Start of Records to use

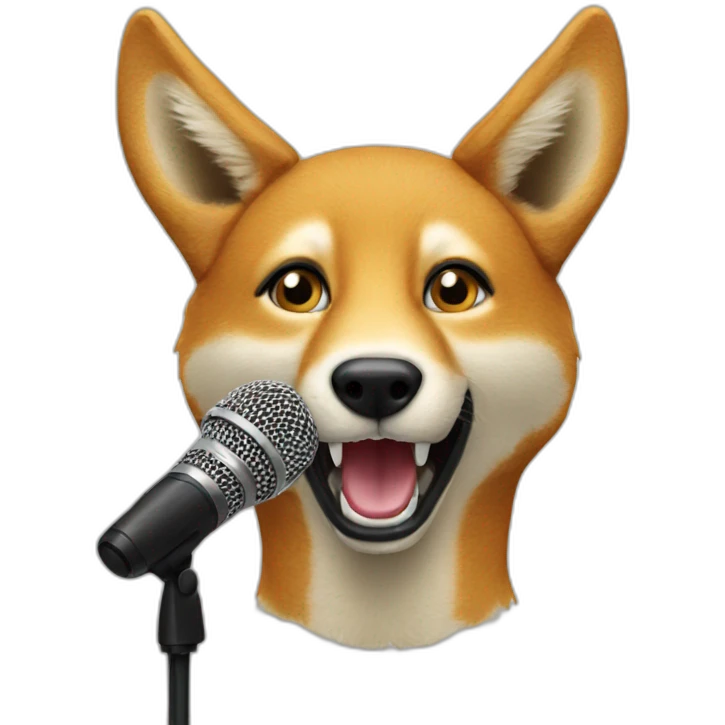 A dingo singing with a microphone emoji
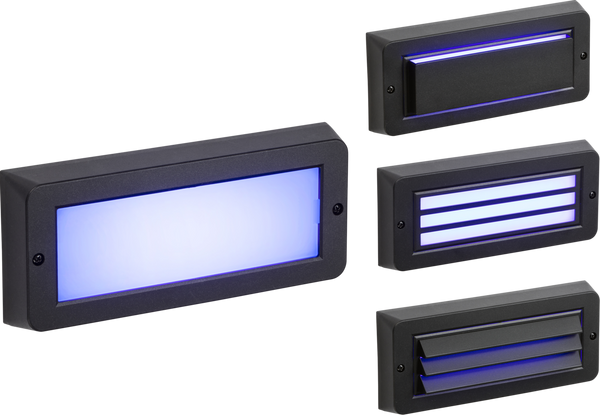 Blue LED Surface Mount Brick light - Black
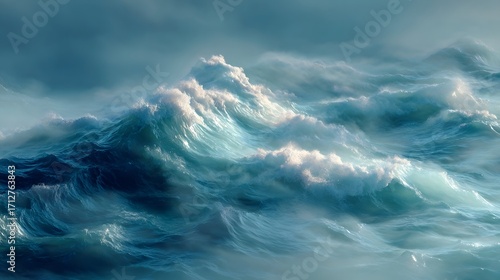 Dynamic deep blue ocean waves surge and break creating dramatic white foam and spray under a moody atmospheric sky symbolizing nature s immense power and wildness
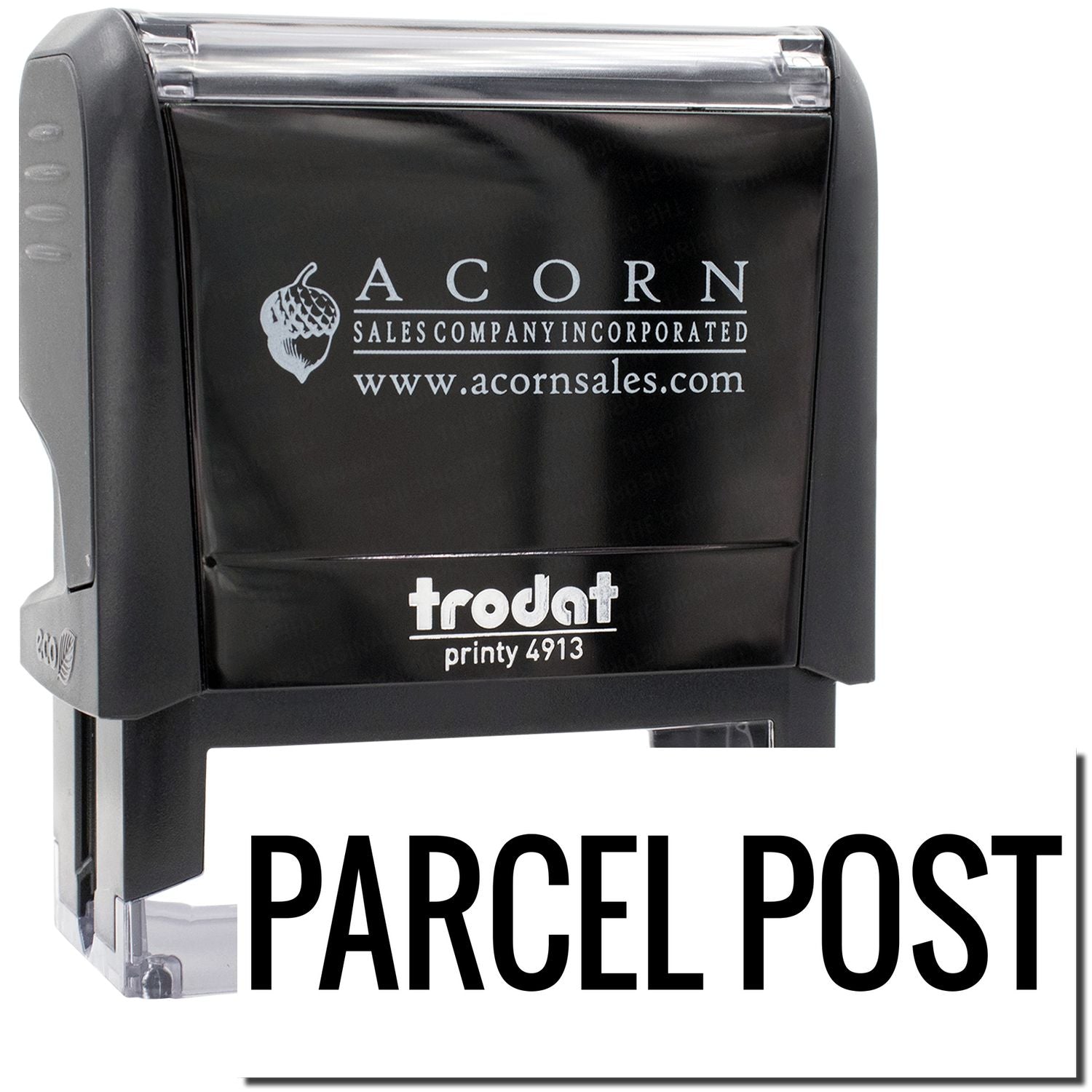 Acorn Sales Parcel Post stamp, Printy 4913 inked marking device with acornsales.com branding for postal labels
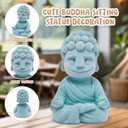 2 x Hodao Calming Yoga Buddha Statue - Meditation Desk Decor for Office Table, Zen Home Room Table Sculpture Decoration, Mindfulness Gifts for Yoga Lovers, Serene Shelf & Bookshelf Accent (Blue-2)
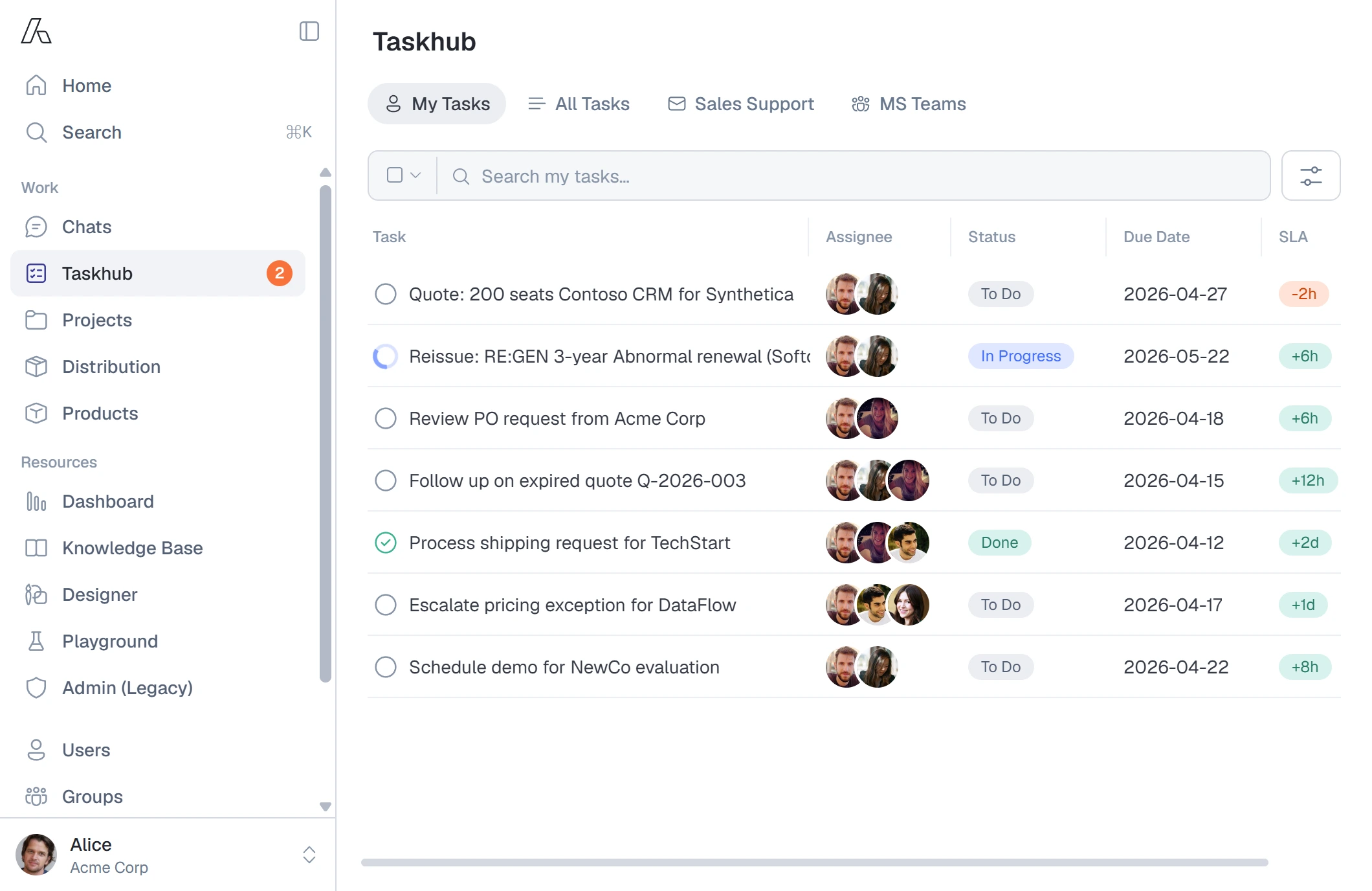 Quote review queue with confidence scores and approval actions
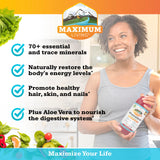 Maximum Living MineralRich etiqueta detallada con ingredientes y porciones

End of Records to use

» Brief:
All lines above from the one containing "Blue LED Surface Mount Brick light - Black" up to and including the one containing "Acorn Sales Parcel" are to be set down exactly, and nothing else. Leave images out.

» Expected answer:
 Blue LED Surface Mount Brick light - Black
 Dynamic deep blue ocean waves surge and break creating dramatic white foam and spray under a moody atmospheric sky symbolizing nature s immense power and wildness
 Acorn Sales Parcel Post stamp, Printy 4913 inked marking device with acornsales.com branding for postal labels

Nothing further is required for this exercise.